Defendants Otsuka Pharmaceuticals and Bristol Meyer Squibb (BMS) have entered into a global settlement with 600 plaintiffs in multi-district litigation over alleged side effects of the neuroleptic medication Abilify (aripiprazole), prescribed for the treatment of bipolar disorder, depression, and schizophrenia.
If 90% of the plaintiffs agree to the settlement, it will end the litigation that has been going on for nearly three years. The settlement, approved by U.S. District Judge M. Casey Rogers on February 26, applies to all cases pending as of January 28, 2019, and includes those being heard in New Jersey and California as well as other federal and state courts.
Otsuka and BMS settled with three plaintiffs in April 2018, whose cases had been selected for bellwether trials. The recent settlement is the result of several months of mediation that began last May. A previous attempt to reach a settlement in September ended in failure.
The present multidistrict litigation against Otsuka and BMS began in 2016, and involved plaintiffs from across the country. Plaintiffs claim that Abilify caused them to engage in uncontrollable, compulsive behaviors – notably, gambling. Many have claimed losses amounting to tens of thousands of dollars due to the side effects of Abilify.
Scientific studies have shown that the purported benefits of Abilify do not outweigh the risks of the side effects. There is also the matter of the fact that warnings about compulsive gambling were issued in the European Union and Canada several years before they were given to U.S. doctors and patients – suggesting that, in accordance with plaintiff allegations, the defendants were aware of the risks.
In a press statement, Otsuka and BMS said the settlement reflects their “desire to focus on the needs of patients and prescribers rather than on continued litigation.” The corporate defendants add that they “expressly disclaim any wrongdoing or liability.” The terms of the settlement have not been disclosed. Plaintiffs have until August 30th to decide whether or not to participate.

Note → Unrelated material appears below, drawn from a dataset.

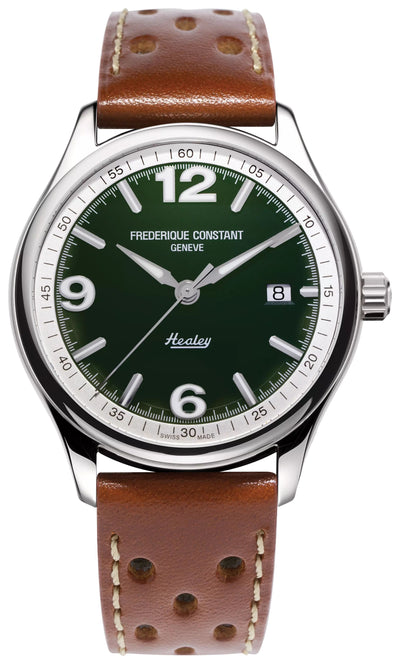Wrist watch with Green Dial and Brown Perforated Leather band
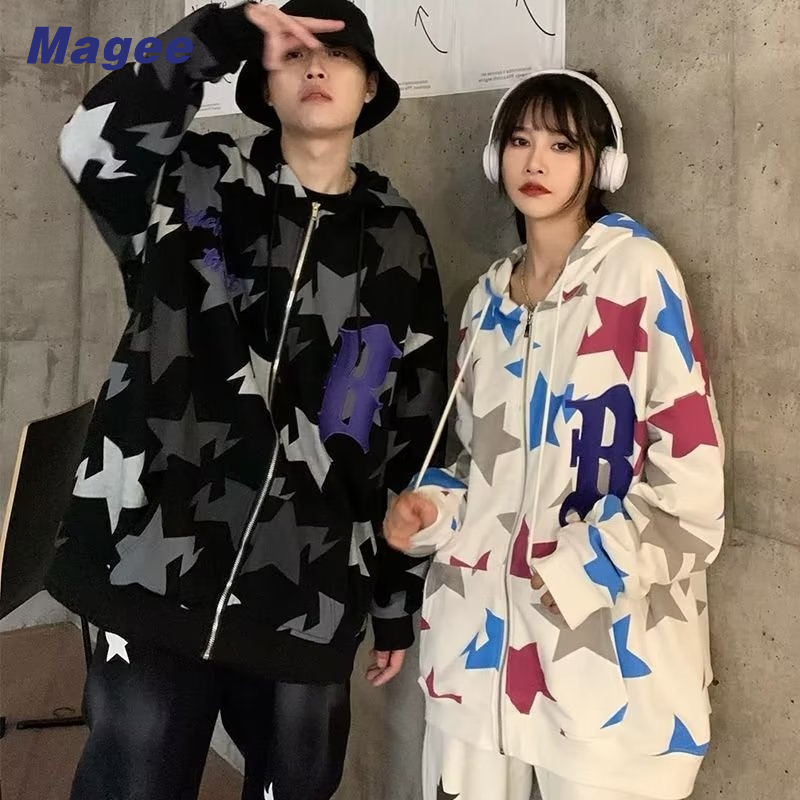 Original High Street Jacket American Vintage Couple Tops Star Print Cardigan Áo len trùm đầu Thích hợp cho các cặp đôi Thích hợp cho nam giới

In a related story, Judge Casey Rodgers ruled against plaintiffs who sought sanctions over “spoliation of evidence” due to emails that had been deleted prior to 2007. According to the ruling, a defendant is obligated to preserve evidence for discovery only if “litigation is pending or reasonably foreseeable.” Judge Rodgers also rejected the argument that widespread news of defective drugs and dangerous side effects should have made Otsuka aware of possible legal action. She wrote, “Such an overly broad view of the duty of preservation” would unreasonably require every drug company to have to preserve all documents and communication records indefinitely.